[OTR-users] Question About OTR Security

Paul Wouters paul at cypherpunks.ca
Wed Apr 25 11:55:59 EDT 2012


On Tue, 24 Apr 2012, rookcifer wrote:

> Date: Tue, 24 Apr 2012 05:10:11
> From: rookcifer <rookcifer at gmail.com>
> To: otr-users at lists.cypherpunks.ca
> Subject: [OTR-users] Question About OTR Security
> 
> I saw a paper entitled "Finite-State Security Analysis of OTR Version 2"
> by two researchers at Stanford.  In the paper they describe a couple of
> potential security flaws with OTR.  From the abstract:

> So my question, have these attacks been addressed and has the advice of
> the paper's authors (in relation to strengthening of the protocols) been
> applied?

See:

To: otr-dev at lists.cypherpunks.ca
Subject: Re: [OTR-dev] Draft of Security Analysis
From: Ian Goldberg <ian at cypherpunks.ca>
Date: Mon, 6 Mar 2006 21:45:09 -0500

On Mon, Mar 06, 2006 at 04:35:35PM -0800, Andrew S. Morrison wrote:
> We wanted to send along the draft of some of the results of our security
> analysis before we give a talk on it in a few days in hopes we could get
> some comments. We believe we've found a few good attacks.
> 
> http://www.stanford.edu/~amo/DRAFT_otr_analysis.pdf
> 
> The paper is just a draft right now. We're hoping some people on this list
> could take a look at the "Attacks Found" section and read through to make
> sure the attacks are legitimate. After a round of getting comments from
> you guys and some others we'll send the final version of our paper and the
> Murphi code we used to model OTR. That'll be in about a week and a half.

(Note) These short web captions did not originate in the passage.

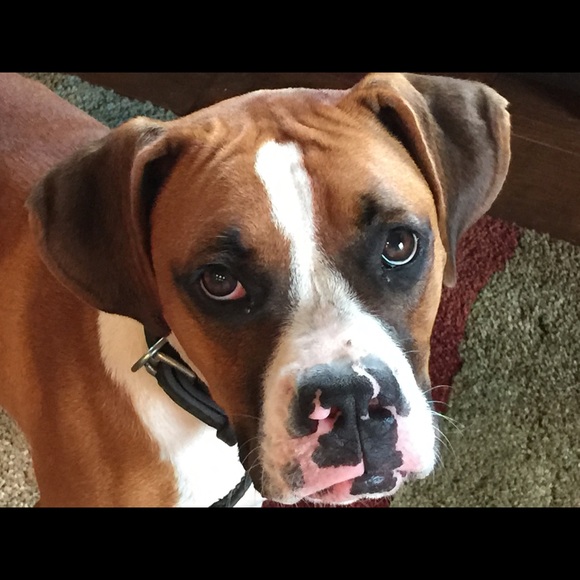 Meet your Posher, Karren - Picture 1 of 1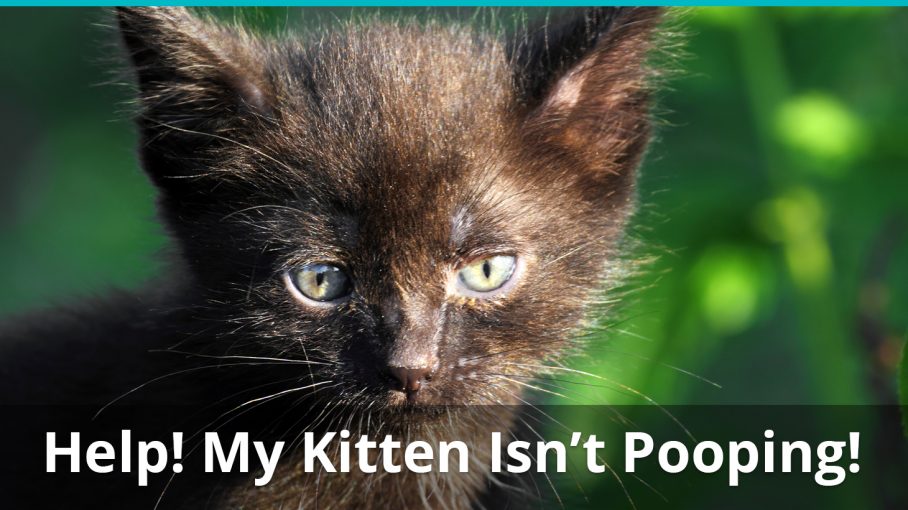 how to get a kitten to poop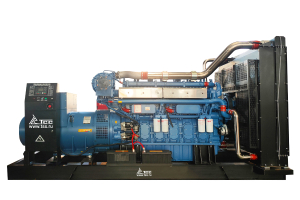 Дизельный генератор ТСС АД-800С-Т400-1РМ26 028070 фото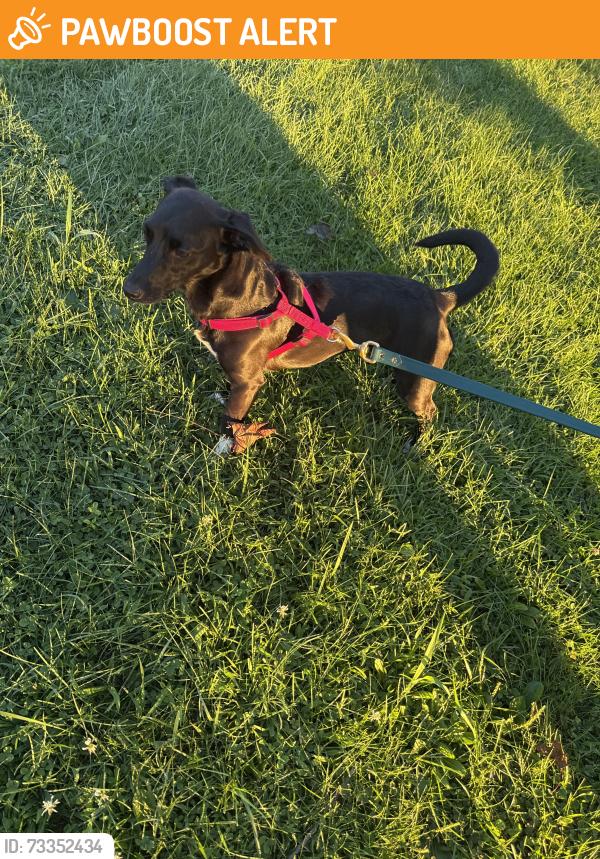 Found/Stray Female Dog last seen Buttonwood Development, New Cumberland, PA 17070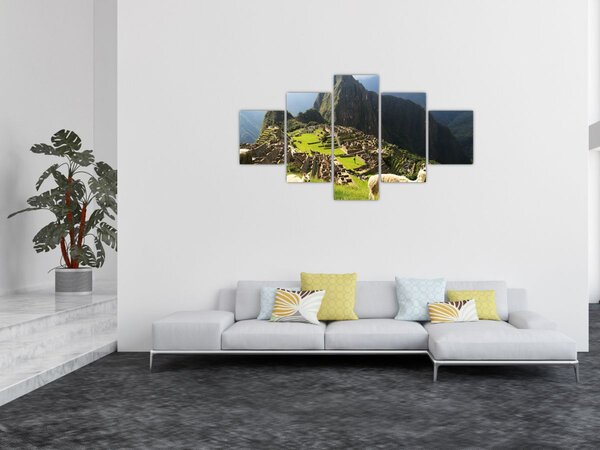 Obraz - Lamy na Machu Picchu (125x70 cm)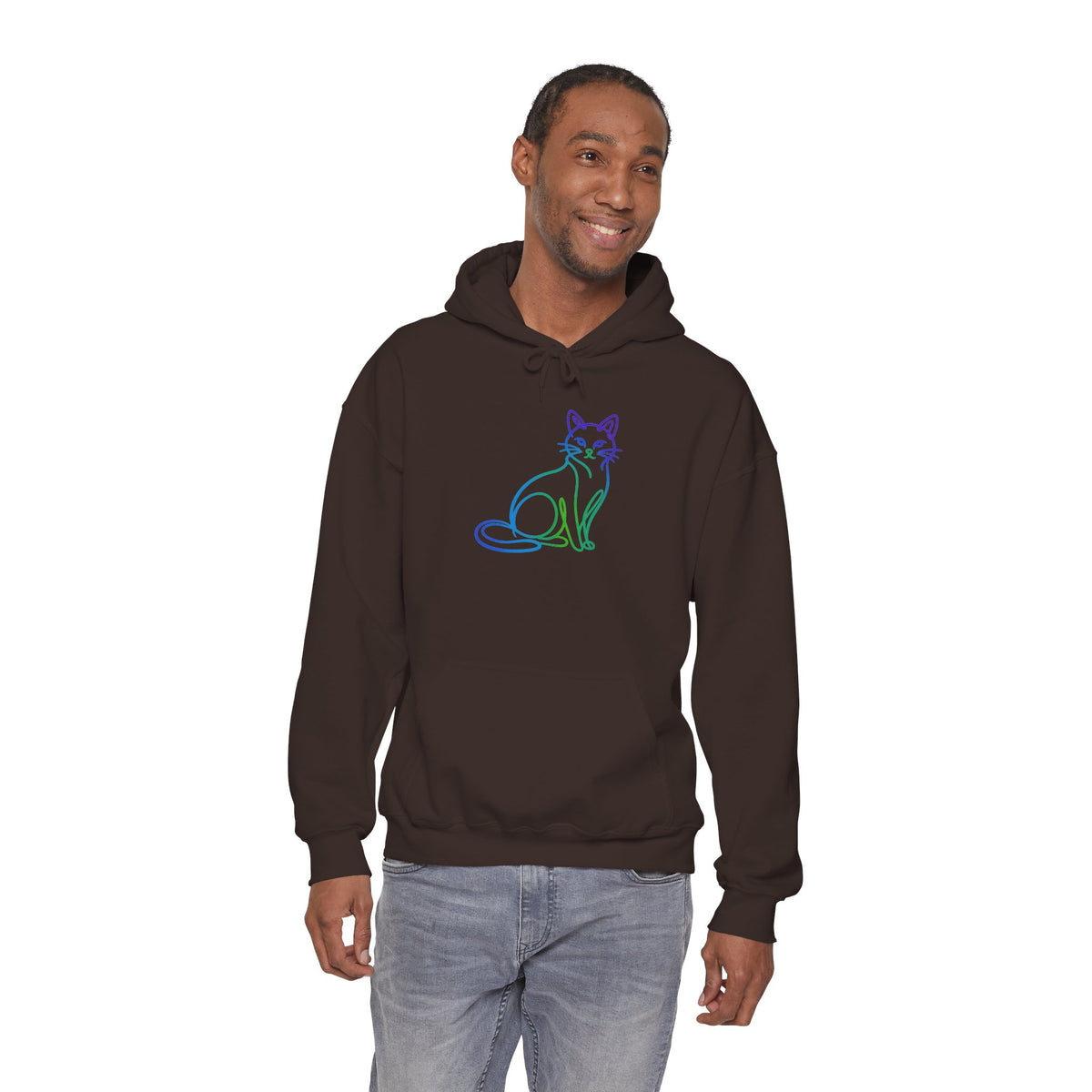 Northern Lights Cat Hooded Sweatshirt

I took a (very) quick look, but I'll be travelling tomorrow, and may not
have email access again before your talk.

3.1 Version Rollback

     Version rollback, I think, is only a serious concern when it's
     invisible (in SSL, for example).  In OTR (at least the gaim-otr UI;
     I can't speak for the others), it's clear when you're sending and
     receiving encrypted messages, and when you're not.  Additionally,
     it's made clear when you're using version 1 of the protocol, so you
     can take the precaution of asking your buddy to say her name.

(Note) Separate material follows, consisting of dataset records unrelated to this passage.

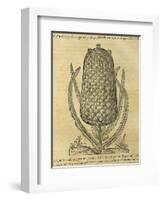 Pineapple (Ananas Comosus) , 1575-Andre Thevet-Framed Giclee Print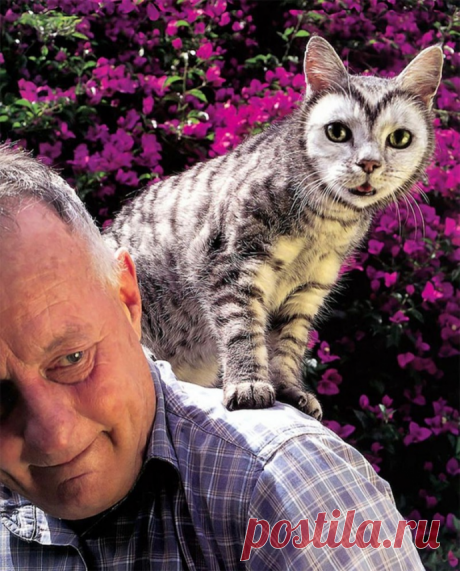 20+ кошек, окрас которых вас удивит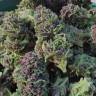 Fast Russian Purple feminised Breeders Community Seeds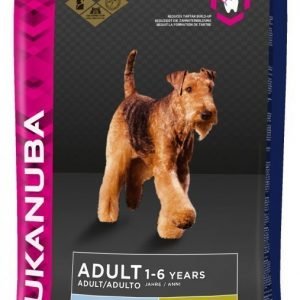 Eukanuba Dog Adult Large 12 Kg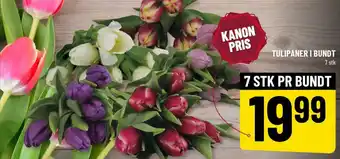 TULIPANER I BUNDT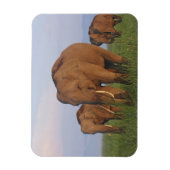 インディアン象の草原 マグネット (縦)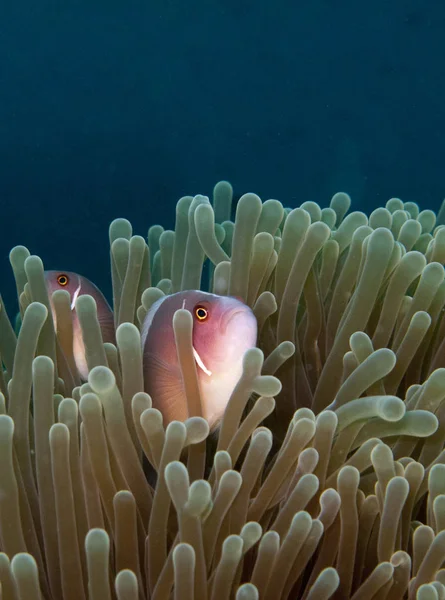 Pink Anemone Fish Anemone — Stock Photo, Image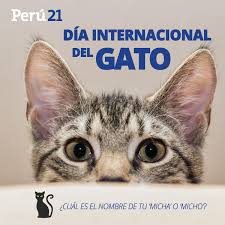Día internacional del gato 8 de agosto. Diario Peru21 Auf Twitter Diainternacionaldelgato Feliz Dia Del Gato Hoy Es Un Dia Especial Para Ese Pequeno Y Adorable Felino Cuentanos Como Se Llama Tu Michi Y Como Es La Relacion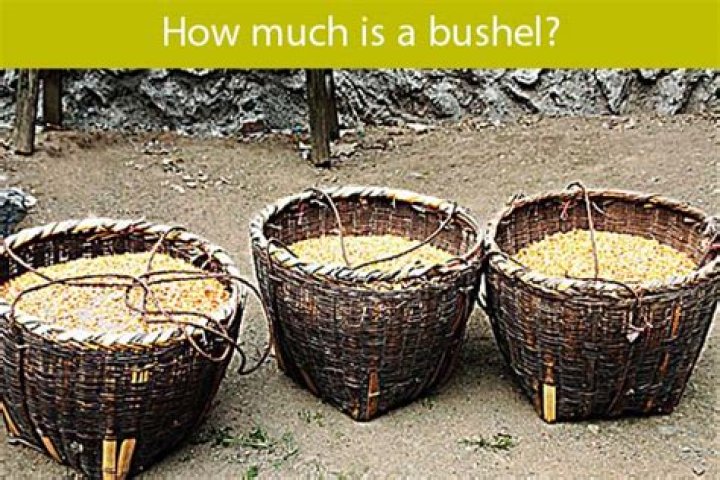 How much is a bushel of organic wheat?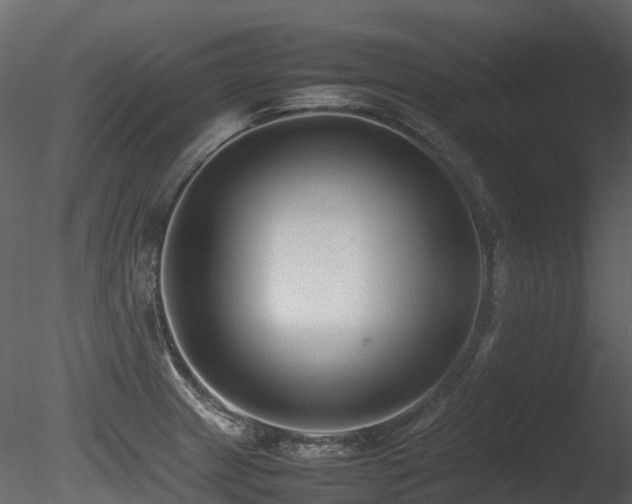X0000085831233200703161315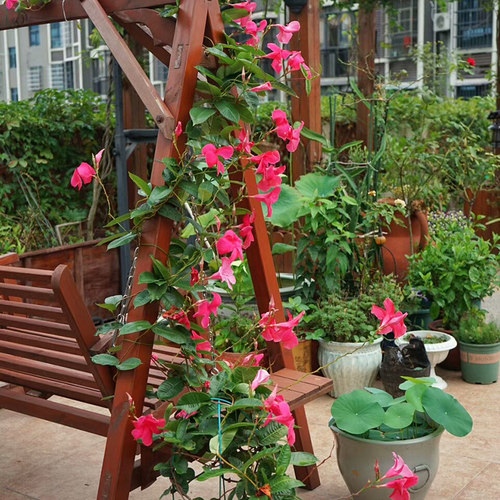 爬藤植物飘香藤盆栽四季勤花双线藤阳台好养攀爬花卉绿植双喜藤花 - 图2
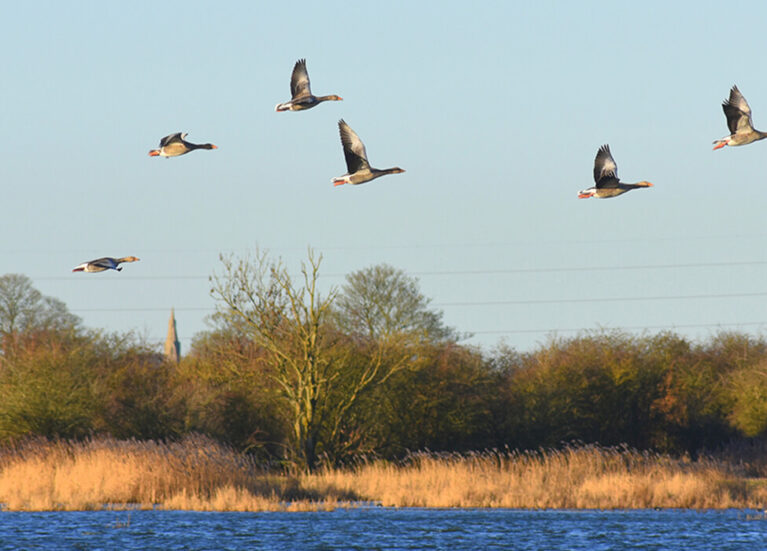 birds in flight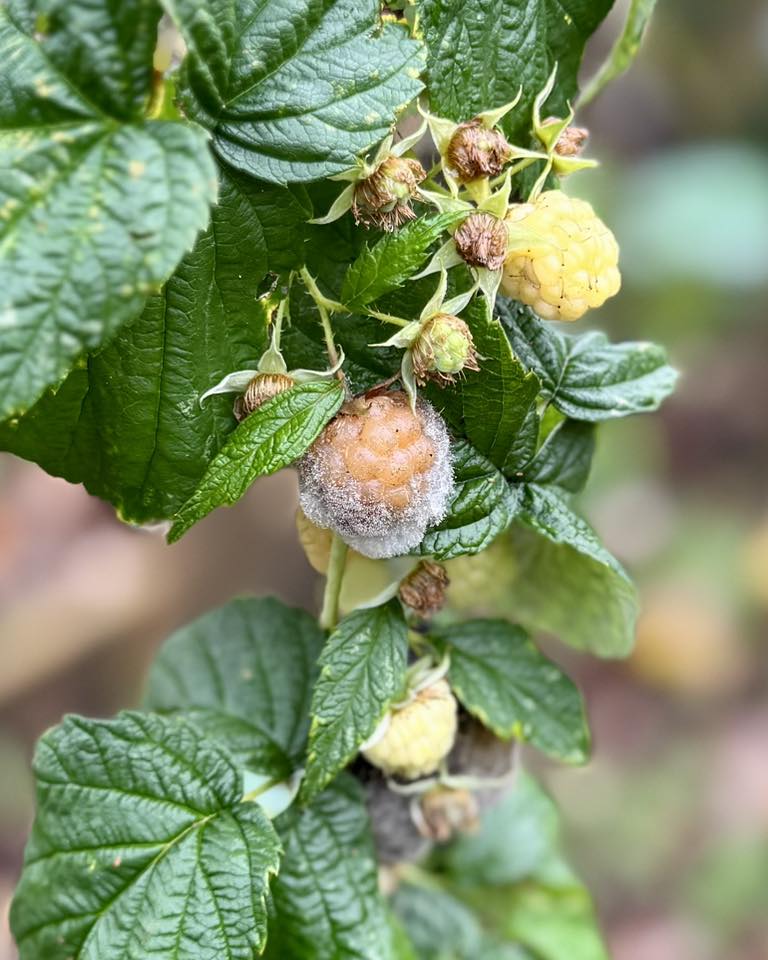 Learn To Grow - Bummer! The Fall Gold raspberries got gray... | Facebook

3.2 Attack on Strong Deniability

     The attack relies on Bob publishing incorrect MAC keys.  But that
     doesn't make sense; Bob publishes the MAC keys in order *to protect
     himself*.  Intentionally publishing incorrect ones (or, he may as
     well just not publish them at all) would only serve to weaken his
     own deniability.  Note also that Alice and Bob each publish the MAC
     keys, so they'd *both* have to be intentionally trying to make their
     own conversation not deniable.

3.3 Message Integrity

     Good call on this one.  Bizarrely, it doesn't turn out to be a
     security hole in the deployed software because there's a bug in it. (!)
     The deployed software only publishes MAC keys that were used to
     receive messages, not ones on messages it sent.  This is safe,
     because it knows for sure that it'll never trust a MAC key that it's
     already published.  I also believe that even if Bob is cheating, and
     doesn't publish any MAC keys, but only Alice publishes the MAC keys
     of the messages she receives, they still get strong deniability:
     Mallory can take one of the messages Alice received (and
     subsequently published the MAC key for), and substitute a g^y of his
     choosing.  He can then recompute the keys and MACs for future
     messages in the transcript.  [It's late, and I'm doing this quickly,
     so I don't guarantee this is correct.  I'll think about it some more
     in the next couple of days.]  Assuming this is correct, you indeed
     found a problem with the spec, but not in the implementation,
     because the implementation turns out to be more secure than the
     spec.

3.4 Authentication Failure

     I don't see the problem here.  Alice believes she's talking to Bob,
     because she *is* talking to Bob.  If Mallory is passing messages
     through unmodified, she may as well be a wire.  It's not a security
     problem if Mallory sees encrypted messages, and her being able to
     stop Alice and Bob from talking to each other is just a Denial of
     Service attack, which we explicitly don't care about.


Thanks for the analysis!  Feel free to email me or the list with any
questions, comments, or radical doubts.  ;-)  [Though, as I mentioned, I
may or may not have email access from Tuesday morning to Thursday.]